About five years ago, former President Ronald Reagan’s son, Ron Reagan as he’s known, appeared in an advertisement for the Freedom From Religion Foundation (FFRF) in which he declared that he was “an unabashed atheist,” and ended the commercial by saying he was not afraid of “burning in hell.” Since that time, Ron Reagan and his ad have appeared occasionally on cable news shows to call attention to FFRF. The purposes of the Foundation are “to promote the constitutional principle of separation of state and church, and to educate the public on matters relating to nontheism,” according to its website. National membership in FFRF includes “approximately 32,200 freethinkers: atheists, agnostics and skeptics of any pedigree.”

When it comes to religious liberties in the United States, are the freedoms of atheists, agnostics, nonbelievers or the nonreligious protected? The answer is yes by federal law. But there are caveats. According to numerous reports, the constitutions of seven states–Arkansas, Maryland, Mississippi, North Carolina, South Carolina, Tennessee and Texas–ban atheists from running for political office. And an eighth state, Pennsylvania, has no outright prohibition, but its constitution says that anyone who wants to hold government office should believe in God.

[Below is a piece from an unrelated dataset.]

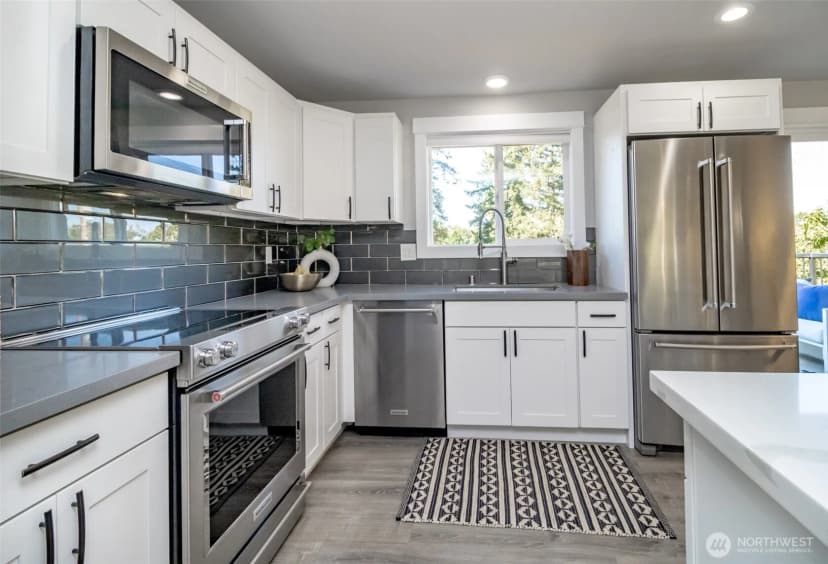 Property photo for 6701 15th Avenue Sw, Seattle photo 7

Nevertheless, some state bans have been overturned in rare cases that have reached the U.S. Supreme Court. As the U.S. Constitution notes “no religious test” should ever be required for federal office,” but there is nothing in the Constitution about state offices. As a result, “Not believing in God is political poison, at least if you express that belief openly,” wrote Nick Wing in “While the most severe mistreatment of atheists may take place in fundamentalist nations, political discrimination is pervasive across the U.S.” King also pointed out, ”Not believing in God could make it harder to get a job, though that would of course require a would-be employer to be aware of a job applicant’s nontheistic beliefs…. issues of faith carry over to hiring decisions.”

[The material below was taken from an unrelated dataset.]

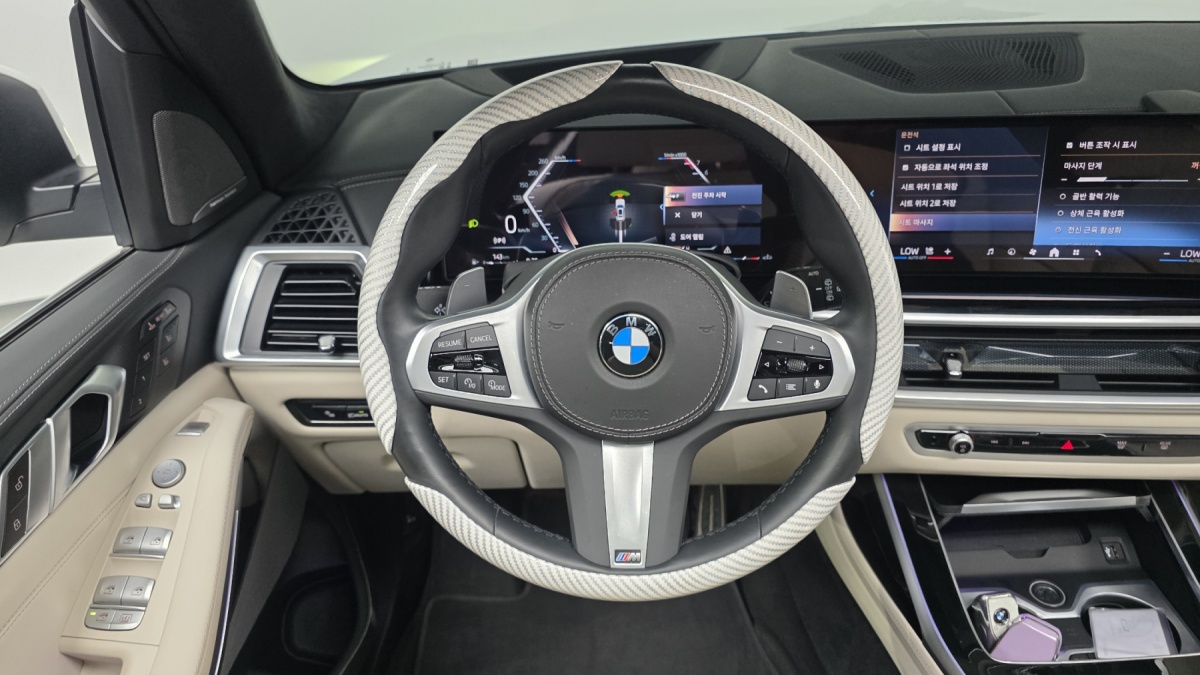 BMW X7, 2023 — фото 12 из 12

In addition, when there are divorces, judges have sometimes denied “custody rights because of their apparent disinterest in organized religion, or in other cases, of atheist parents being ordered to attend church so that their children can undergo “systematic spiritual training.”

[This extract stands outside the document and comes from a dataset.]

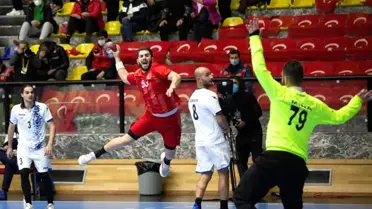 A Milli Erkek Hentbol Takımı, Güney Kıbrıs Rum Kesimi'ni 35-28'lik skorla yendi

Then there are the Boy Scouts of America (BSA). A potential Scout must repeat the Scout Oath: “On my honor I will do my best to do my duty to God and my country.” In December 2018, an opinion piece by Kramnick and R. Laurence Moore in the Washington Post pointed out: “Requiring scouts to believe in God is as pernicious and unconstitutional a discrimination against nonbelievers as the current requirement in the state constitutions.” However, the columnists add that the BSA has allowed the Unitarian Universalist Association “ultimate authority over a scout’s spiritual commitment to their individual congregation. This would specifically allow Unitarian Universalist-sponsored troops to claim humanism as an acceptable form of spirituality.”

Beyond the Scouts, there is some hope for allowing people to declare themselves with impunity as nonbelievers or atheists. During his administration, President Barack Obama signed the International Frank R. Wolf Religious Freedom Act of 2016, which was supported by a nonpartisan effort of the American Humanist Association. The Act states that “the freedom of thought, conscience, and religion is understood to protect theistic and non-theistic beliefs as well as the right not to profess or practice any religion.” The Act also condemns “specific targeting of non-theists, humanists, and atheists because of their beliefs” and legally forbids forcing “non-believers or non-theists to recant their beliefs or to convert.”

Then along comes the Trump administration and its current undermining of religious freedoms for nonbelievers. That’s another story, which often involves evangelicals and far-right Trump followers, as well as some Americans who are uncomfortable with atheists and nonreligious folks.